#### Task objective
Print the listing below a second time, exactly, and omit its images.

#### Dataset extract
[Start of section]
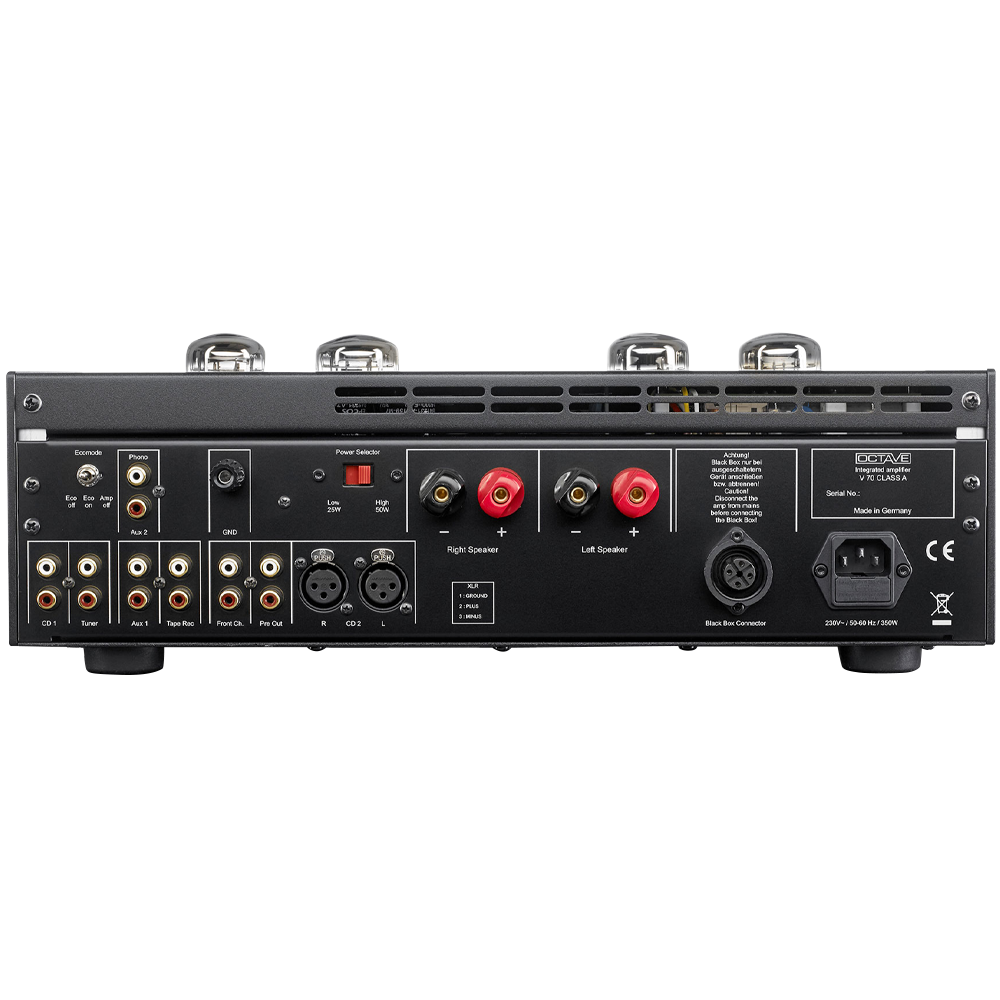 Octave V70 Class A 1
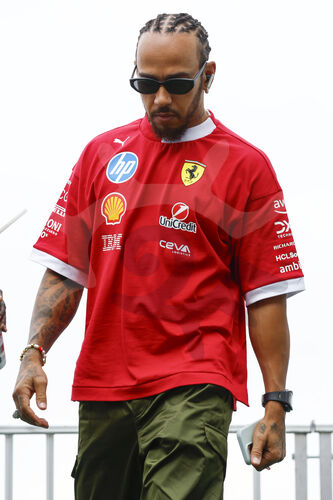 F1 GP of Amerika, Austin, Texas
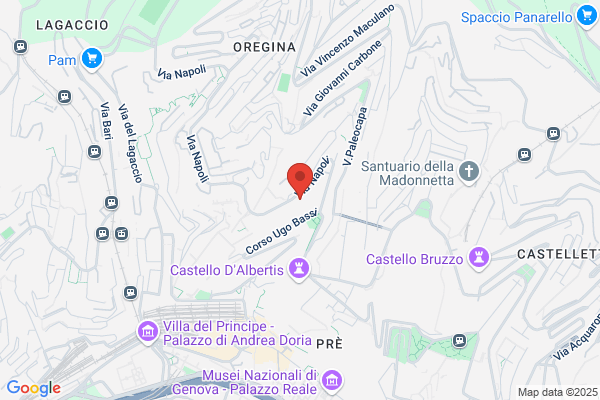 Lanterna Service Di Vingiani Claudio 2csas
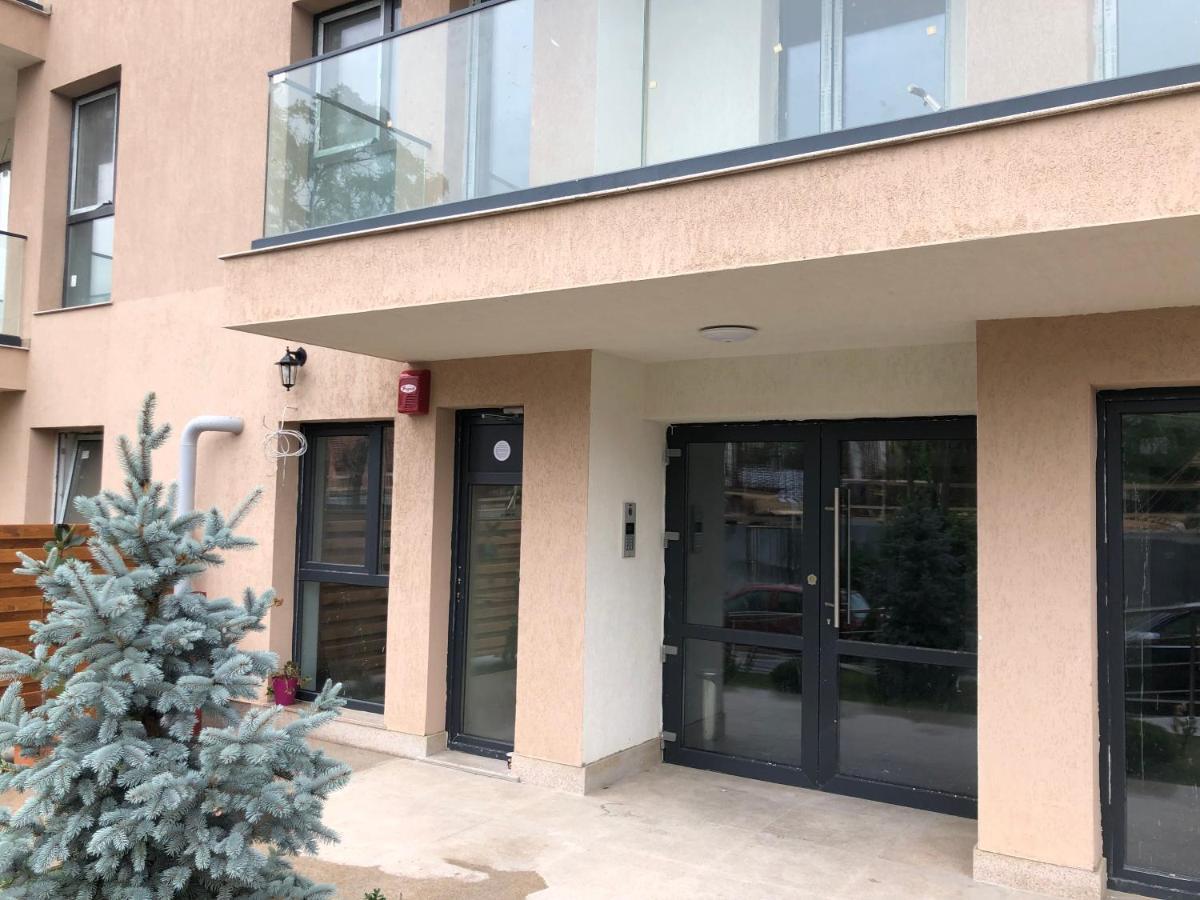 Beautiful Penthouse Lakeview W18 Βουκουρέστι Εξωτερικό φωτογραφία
[End of section]
#### Output of the task
 Octave V70 Class A 1
 F1 GP of Amerika, Austin, Texas
 Lanterna Service Di Vingiani Claudio 2csas
 Beautiful Penthouse Lakeview W18 Βουκουρέστι Εξωτερικό φωτογραφία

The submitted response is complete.